**What is required**
The finished copy should match every record exactly and contain no pictures.
§ §
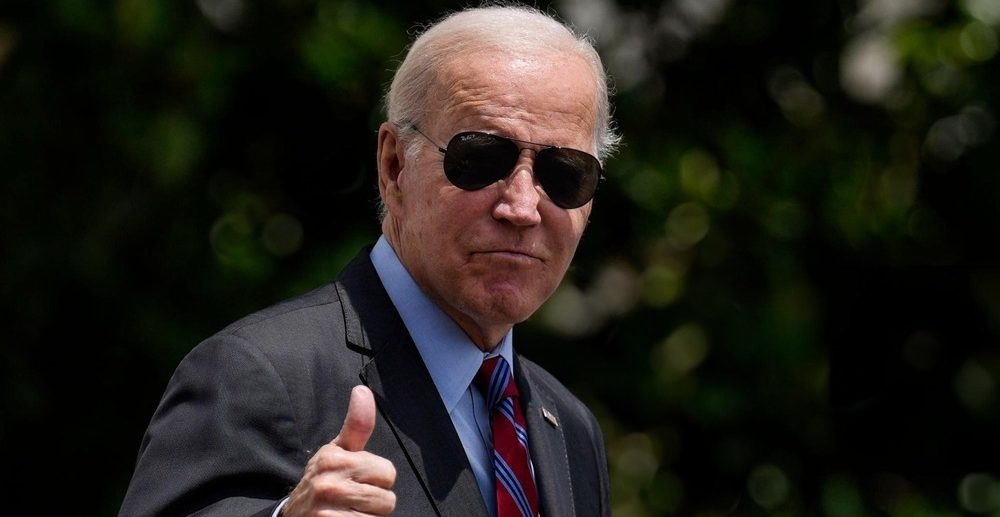 u.s.,president,joe,biden,gives,a,thumbs,up,on,the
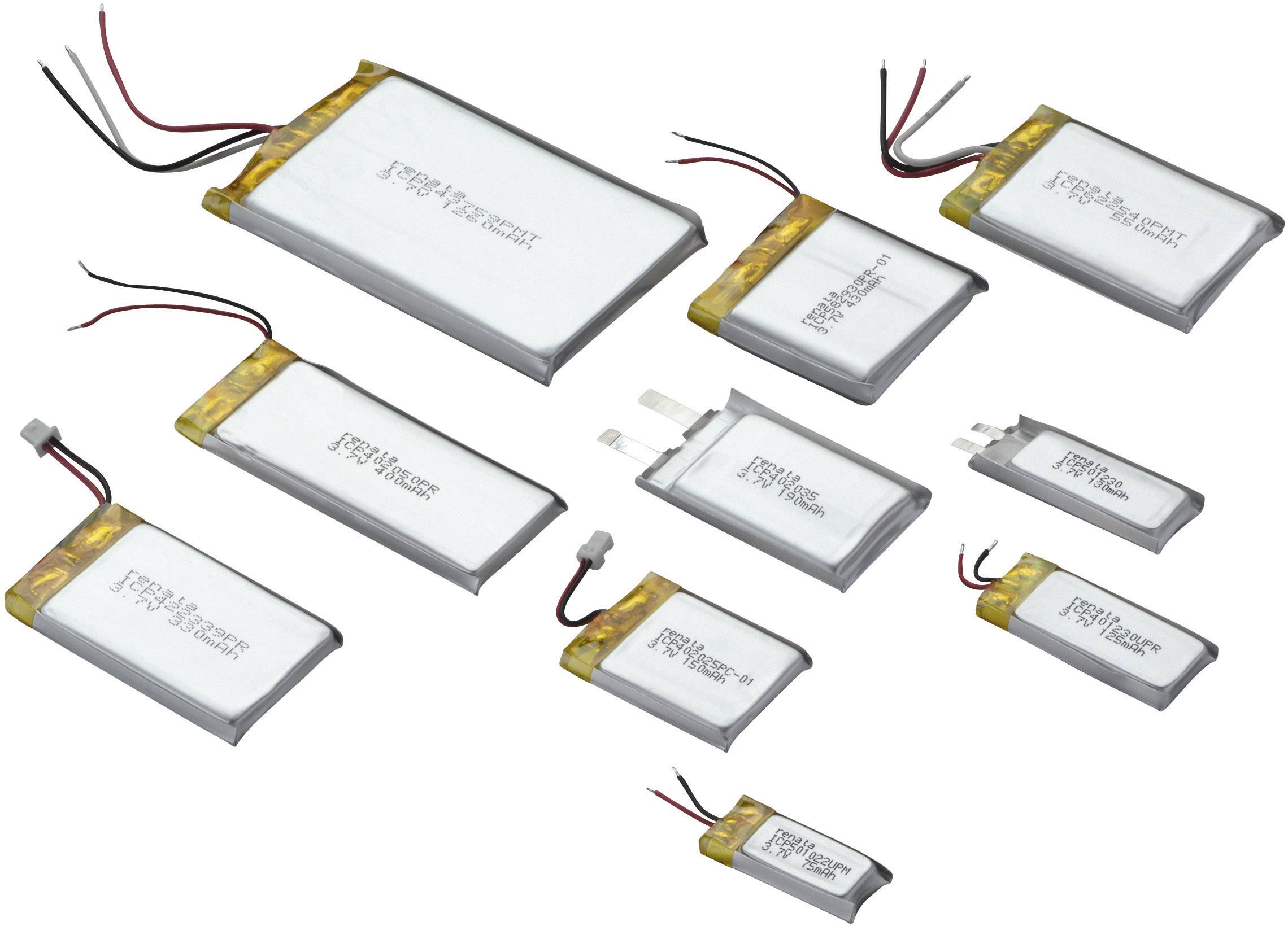 Různé lithium-polymerové baterie v různých velikostech a tvarech, některé s viditelnými kabely.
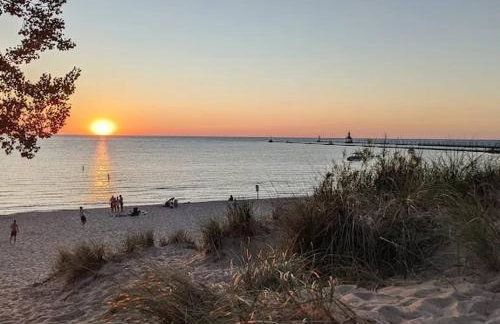 Secluded Luxe 5BR Estate| Pool, Wineries, Near ND - Foto 62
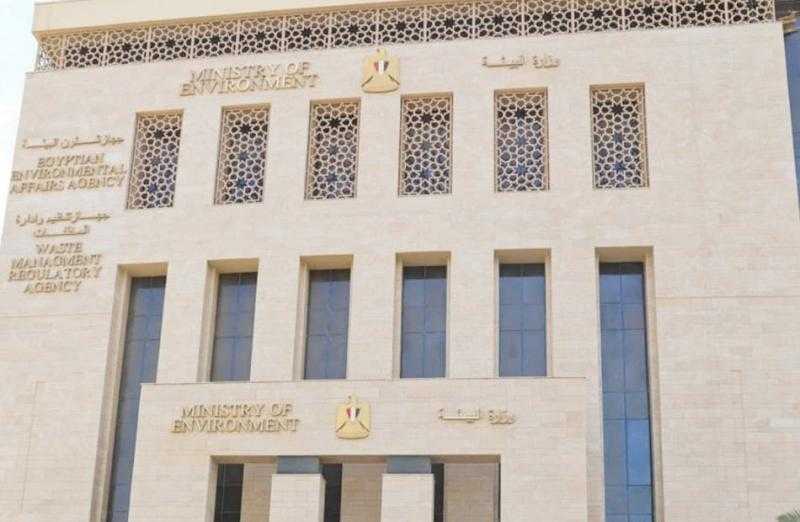 البيئة تنظم حملات لتنظيف الشواطئ وقاع البحر بشواطئ الإسكندرية احتفالا باليوم العالمى للبيئة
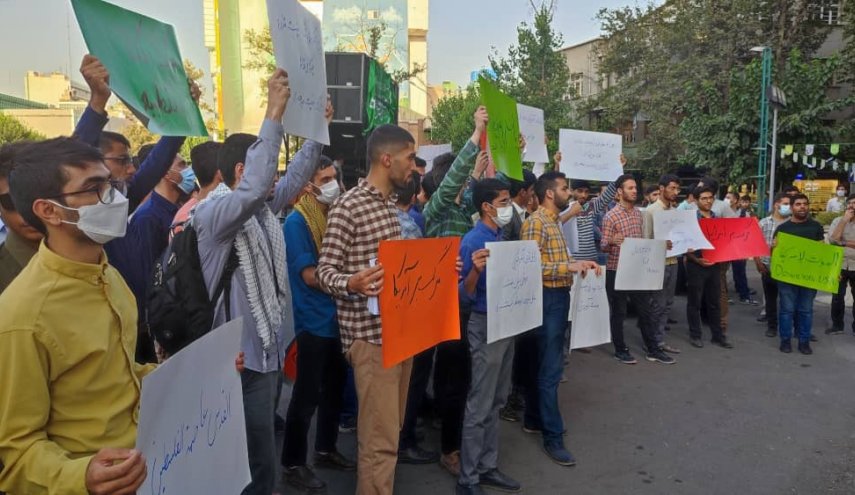 تجمع طلابي في طهران تنديدا بزيارة بايدن للمنطقة 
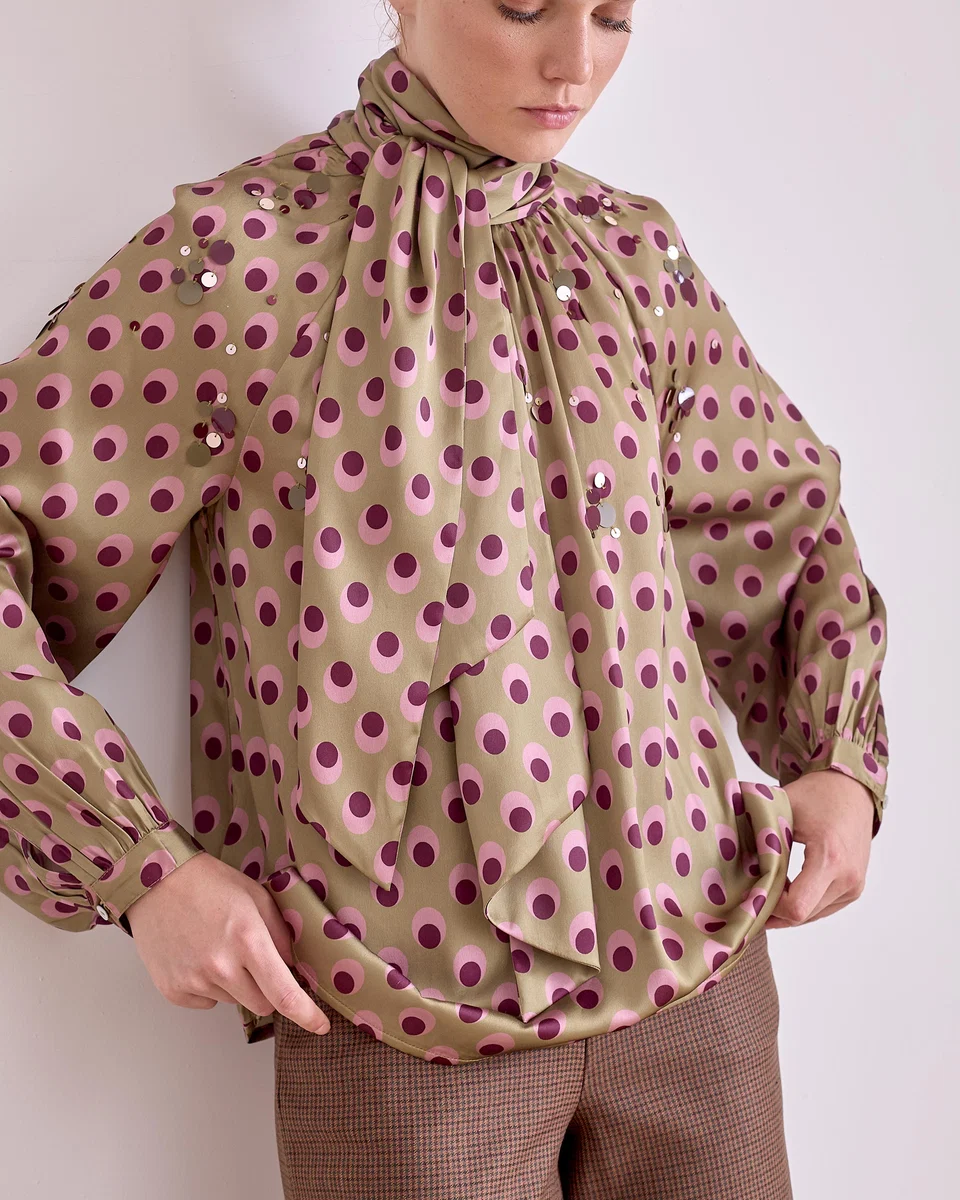 Blusa verde lunares con lentejuelas - Imagen 2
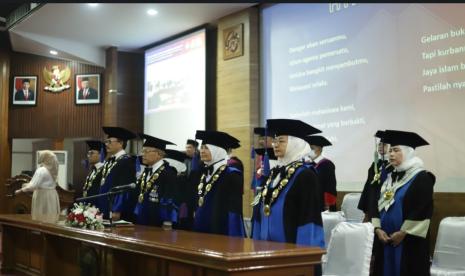 Unisba menggelar acara wisuda.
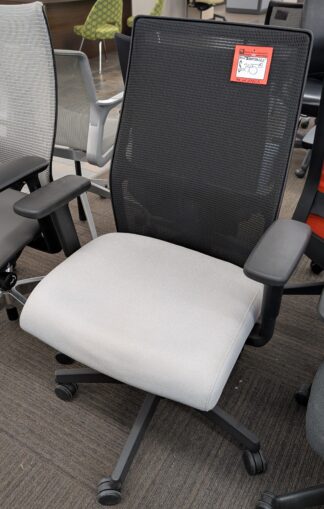 HON Ignition 2.0 Light Grey Fabric Task Chair - Used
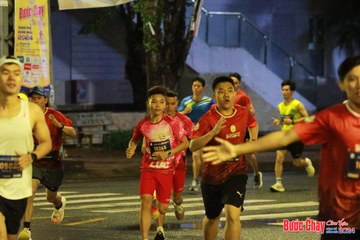 BƯỚC CHẠY CHÀO XUÂN THÀNH PHỐ QUẢNG NGÃI 2024 - Ảnh #1222798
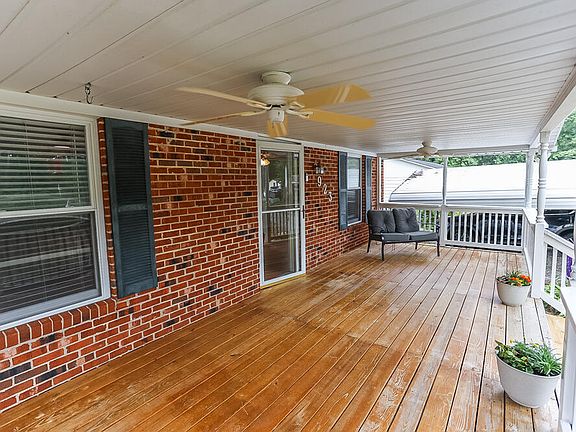 3rd image of 923 Spruce Pine Trl #116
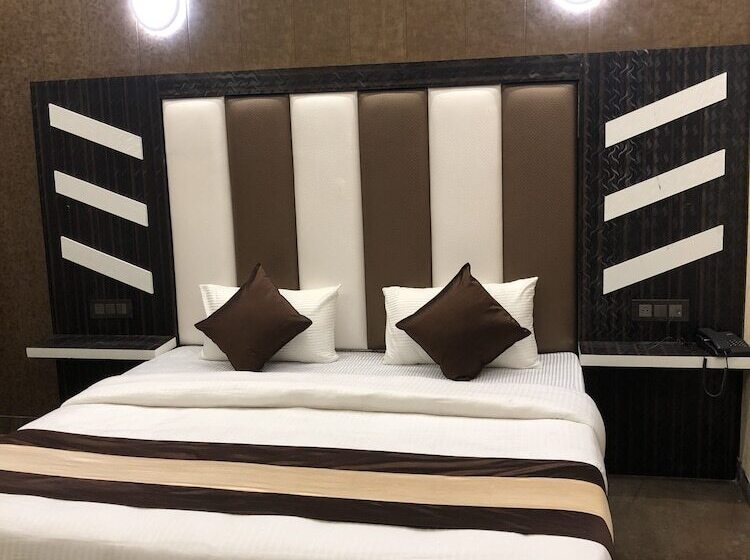 Habitació Deluxe, Pardesi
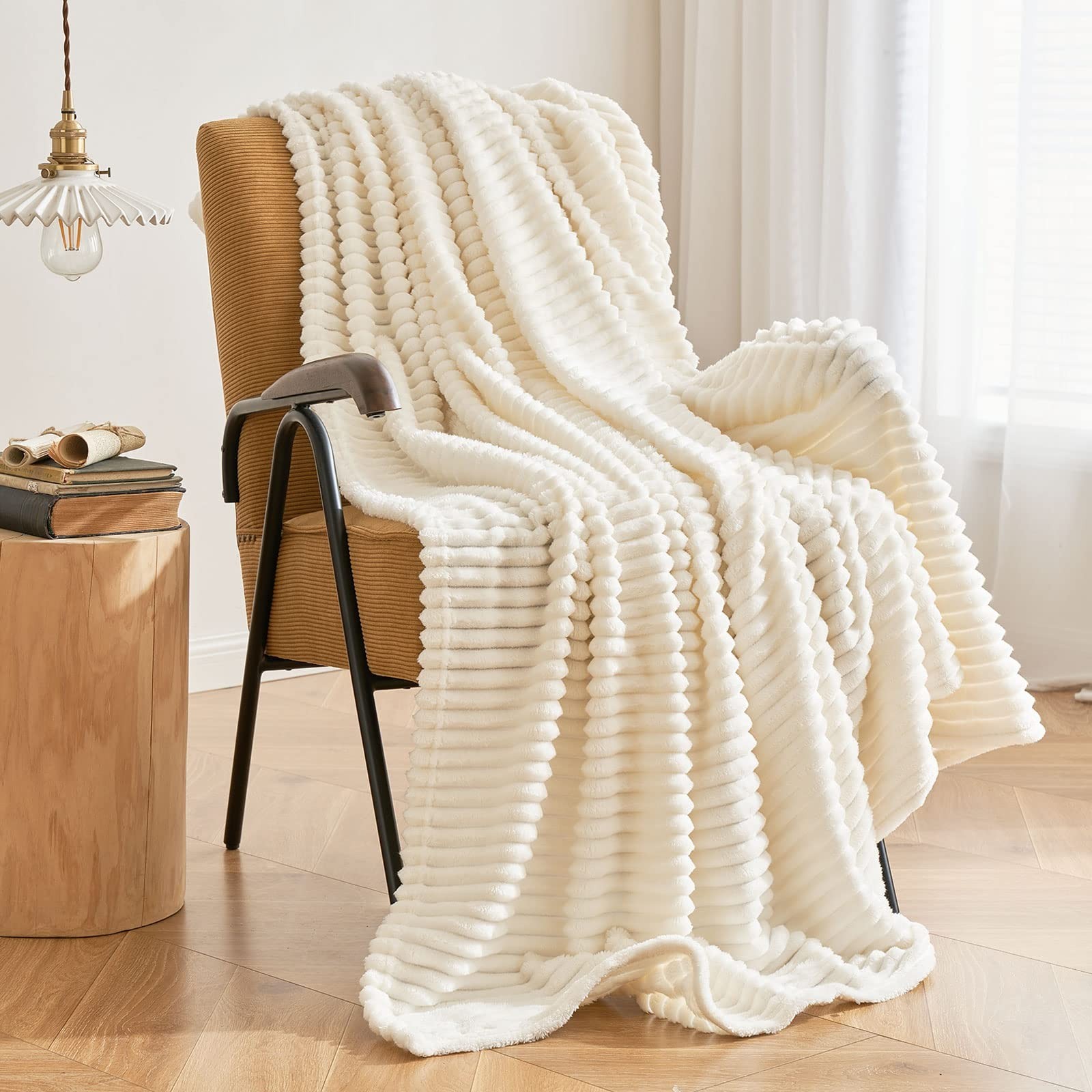 Cozy Flannel Throw Blanket, Plush Velvet, Lightweight Warm,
§ §
**Response to this exercise**
 u.s.,president,joe,biden,gives,a,thumbs,up,on,the
 Různé lithium-polymerové baterie v různých velikostech a tvarech, některé s viditelnými kabely.
 Secluded Luxe 5BR Estate| Pool, Wineries, Near ND - Foto 62
 البيئة تنظم حملات لتنظيف الشواطئ وقاع البحر بشواطئ الإسكندرية احتفالا باليوم العالمى للبيئة
 تجمع طلابي في طهران تنديدا بزيارة بايدن للمنطقة 
 Blusa verde lunares con lentejuelas - Imagen 2
 Unisba menggelar acara wisuda.
 HON Ignition 2.0 Light Grey Fabric Task Chair - Used
 BƯỚC CHẠY CHÀO XUÂN THÀNH PHỐ QUẢNG NGÃI 2024 - Ảnh #1222798
 3rd image of 923 Spruce Pine Trl #116
 Habitació Deluxe, Pardesi
 Cozy Flannel Throw Blanket, Plush Velvet, Lightweight Warm,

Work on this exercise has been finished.